Problem description:
I need the lines from the one containing "this 600×407 image." through the last line of the entries retyped exactly, with no pictures among them.
*** Record set Section Begins ***
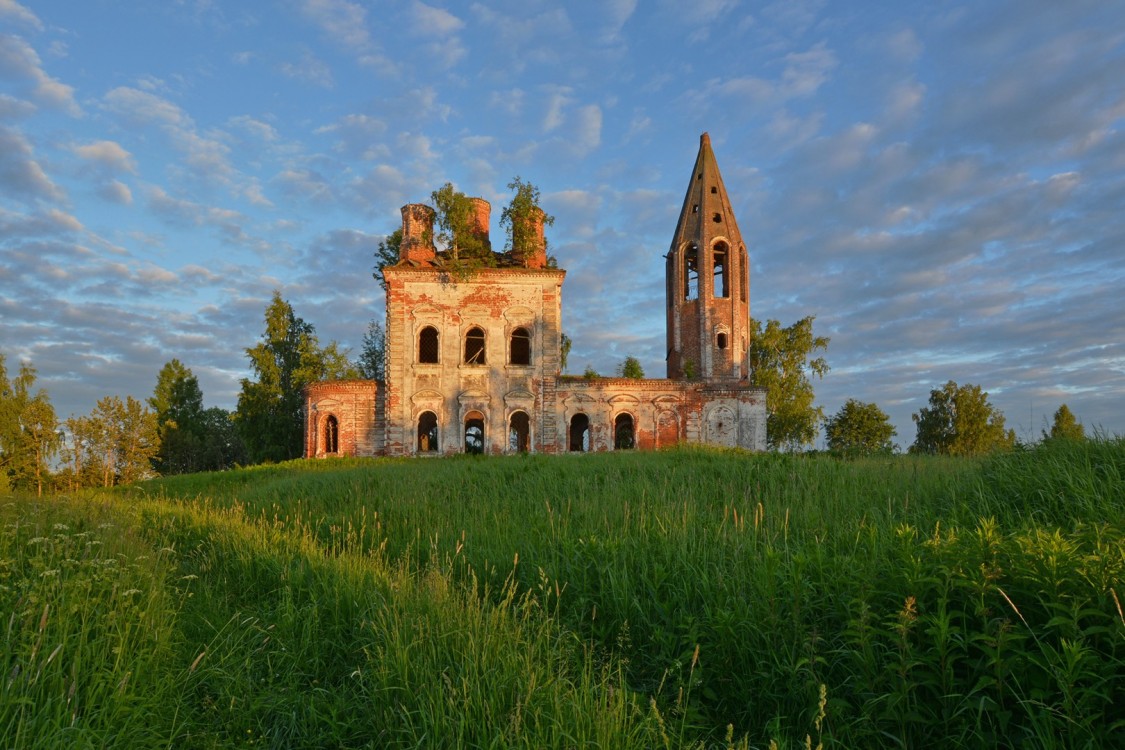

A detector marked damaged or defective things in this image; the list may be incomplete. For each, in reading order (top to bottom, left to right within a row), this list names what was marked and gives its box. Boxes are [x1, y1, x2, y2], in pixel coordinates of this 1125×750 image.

cracked facade [304, 135, 772, 458]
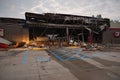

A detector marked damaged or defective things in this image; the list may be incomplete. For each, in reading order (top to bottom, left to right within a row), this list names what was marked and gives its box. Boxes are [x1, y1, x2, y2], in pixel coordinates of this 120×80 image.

burned building [0, 11, 110, 46]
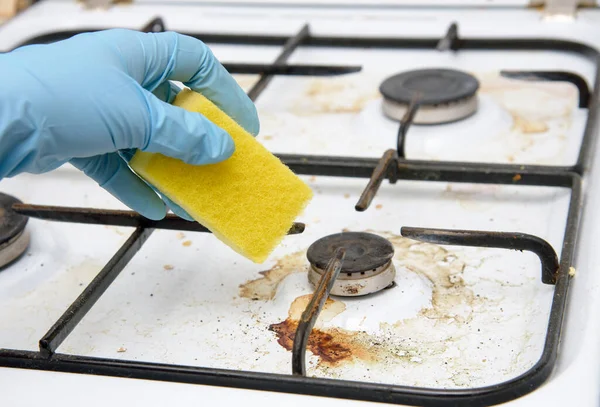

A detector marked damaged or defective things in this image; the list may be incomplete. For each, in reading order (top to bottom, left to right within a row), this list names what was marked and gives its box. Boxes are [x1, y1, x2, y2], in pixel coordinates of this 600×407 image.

rust stain [238, 250, 304, 302]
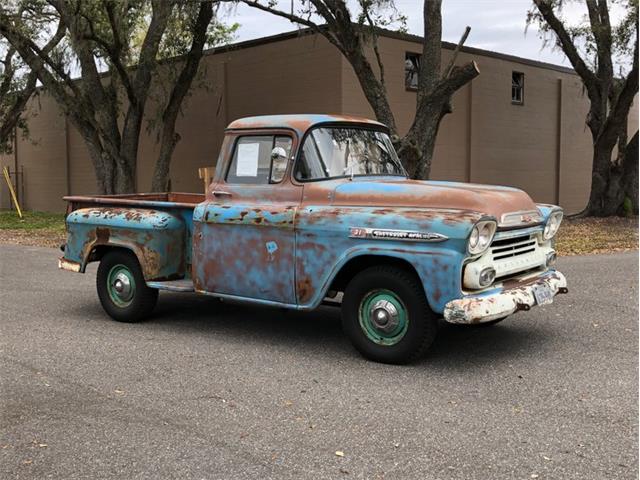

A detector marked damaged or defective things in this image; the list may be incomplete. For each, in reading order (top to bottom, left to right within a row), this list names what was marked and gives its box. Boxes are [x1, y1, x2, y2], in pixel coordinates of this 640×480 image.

rusty pickup truck [60, 115, 568, 364]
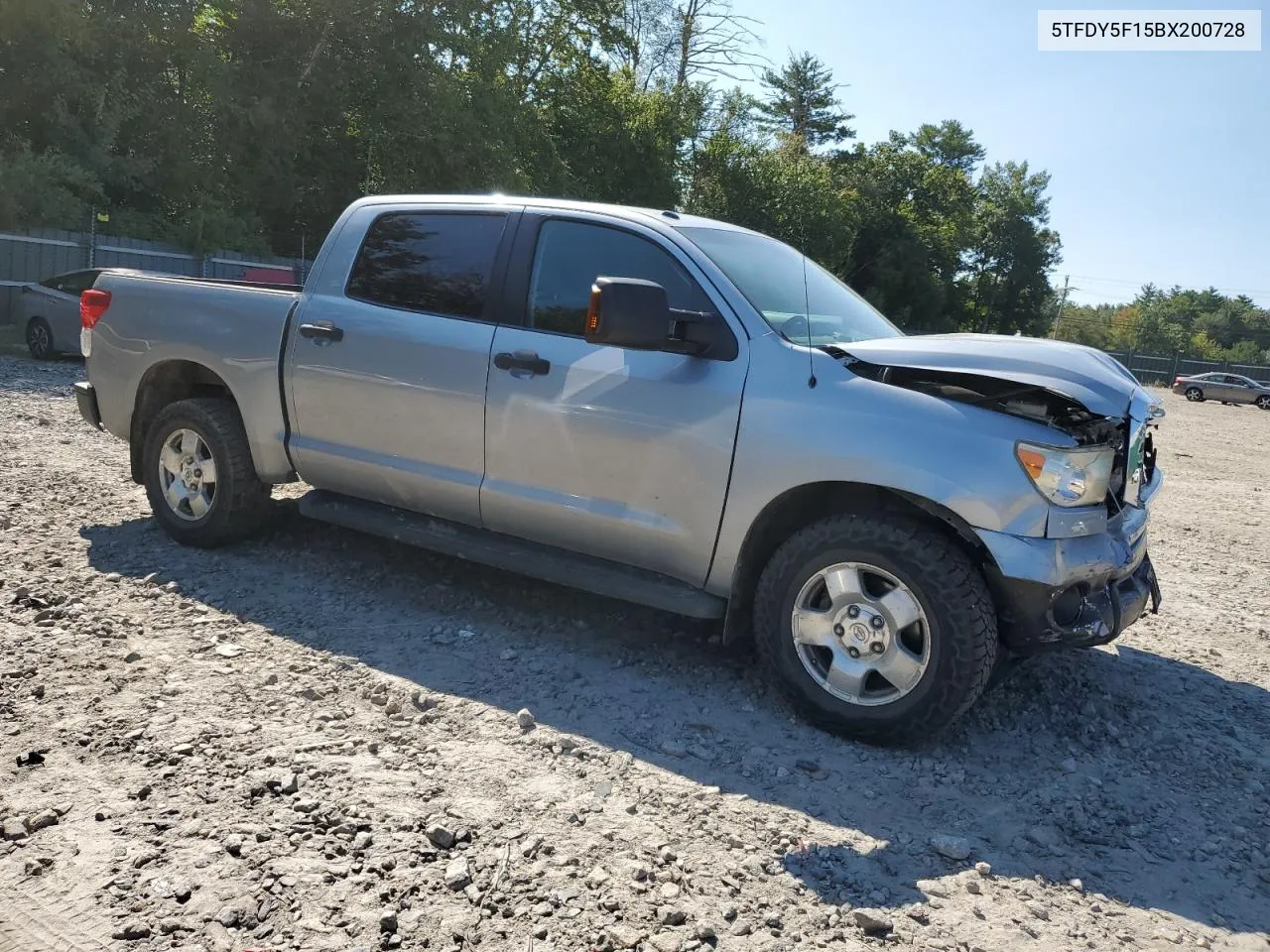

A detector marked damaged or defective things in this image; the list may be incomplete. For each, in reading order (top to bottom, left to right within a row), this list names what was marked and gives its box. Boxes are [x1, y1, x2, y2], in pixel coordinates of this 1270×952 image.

cracked hood [841, 333, 1143, 418]
damaged front end [837, 345, 1167, 658]
broken headlight [1012, 444, 1111, 508]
*** Record set Section Ends ***
Result of the exercise:
A detector marked damaged or defective things in this image; the list may be incomplete. For each, in reading order (top to bottom, left to right within a row), this list names what was marked and gives its box. Boxes are [x1, y1, x2, y2], in pixel coordinates of this 600×407 image.

rust stain [238, 250, 304, 302]

A detector marked damaged or defective things in this image; the list may be incomplete. For each, in reading order (top to bottom, left to right within a row), this list names what was marked and gives its box. Boxes are [x1, y1, x2, y2], in pixel coordinates of this 640×480 image.

rusty pickup truck [60, 115, 568, 364]

A detector marked damaged or defective things in this image; the list may be incomplete. For each, in reading order (top to bottom, left to right within a row), this list names what was marked and gives its box. Boxes are [x1, y1, x2, y2], in pixel coordinates of this 1270×952 image.

cracked hood [841, 333, 1143, 418]
damaged front end [837, 345, 1167, 658]
broken headlight [1012, 444, 1111, 508]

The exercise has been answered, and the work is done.